Musumeci: “Il sistema regge, ma la Sicilia è a ‘rischio alto’. É una contraddizione”

“I dati confermano una tendenza che registriamo ormai da oltre una settimana in Sicilia. Ma non c’è tempo per sentirsi risollevati: si corre e basta!”. Lo afferma il presidente della Regione Siciliana Nello Musumeci in un’intervista concessa al quotidiano La Sicilia, commentando l’ultimo report dell’Istituto superiore della sanità (in cui la Sicilia è tra le cinque regioni con l’indice Rt sotto la soglia di 1.5, ma è ancora classificata a ‘rischio alto’ e quindi da inserire in area arancione).

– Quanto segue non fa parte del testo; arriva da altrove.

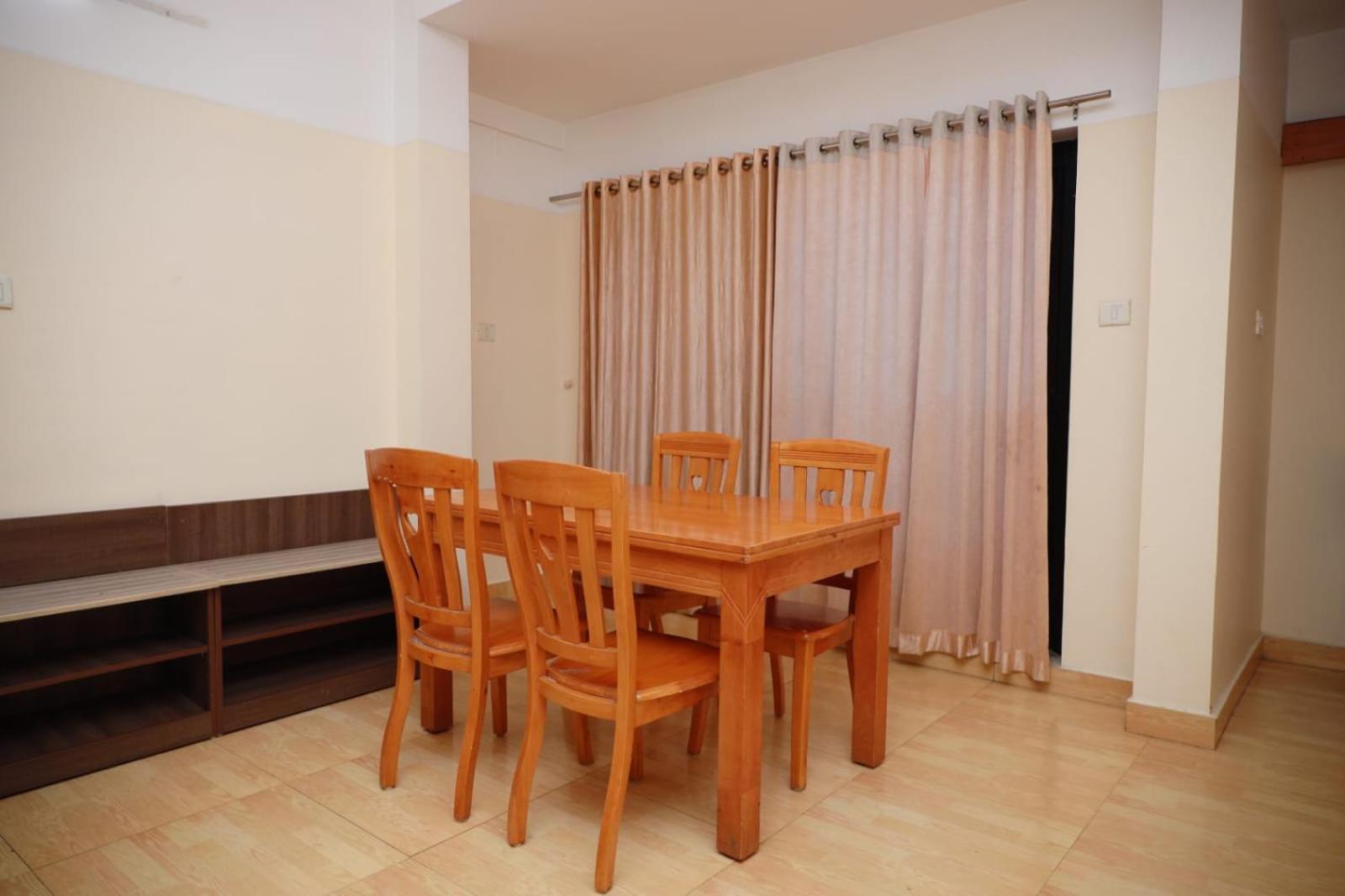 Hotel Tayas Trippapur Kültér fotó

Il governatore della Sicilia ritiene “una contraddizione essere noi sotto soglia nel rapporto tamponi/contagi, rispetto a numerose altre regioni italiane, ed essere poi considerati “a rischio alto”. “Il sistema sanitario siciliano – osserva – è quello sulla cui tenuta, a marzo scorso, nessuno avrebbe scommesso un centesimo. Eppure abbiamo superato benissimo la prima fase della pandemia, per l’impegno di tutto il personale e dei volontari, e per un piano del governo regionale sano, puntuale ed efficace, curato assieme all’assessore Ruggero Razza, al quale va la mia rinnovata e convinta fiducia”.

Il governatore ribadisce che la Sicilia “non meritava una differenziazione che è apparsa alla pubblica opinione discriminatoria, almeno rispetto a molte altre regioni”. Ma, sottolinea anche: “non voglio polemizzare, è acqua passata ormai”. “Peraltro – evidenzia Musumeci – i fatti di questi giorni stanno confermando i nostri dubbi. E fa piacere che sia apprezzata la correttezza e la precisione dei dati da noi trasmessi. Ora guardiamo avanti”.

Ma qualcosa secondo Musumeci è cambiata: “Nella prima fase la gente ha avuto paura del virus e ha rispettato le norme di comportamento, oggi non è più così e le immagini delle nostre città lo dimostrano”. Per questo, chiosa il presidente della Regione, “serve una nuova consapevolezza diffusa, senza la quale tutto diventerà molto più difficile. Ma ho fiducia nel buon senso dei siciliani. Anche perché senza responsabilità collettiva non basterebbero in Sicilia centomila posti letto e un esercito di rianimatori”.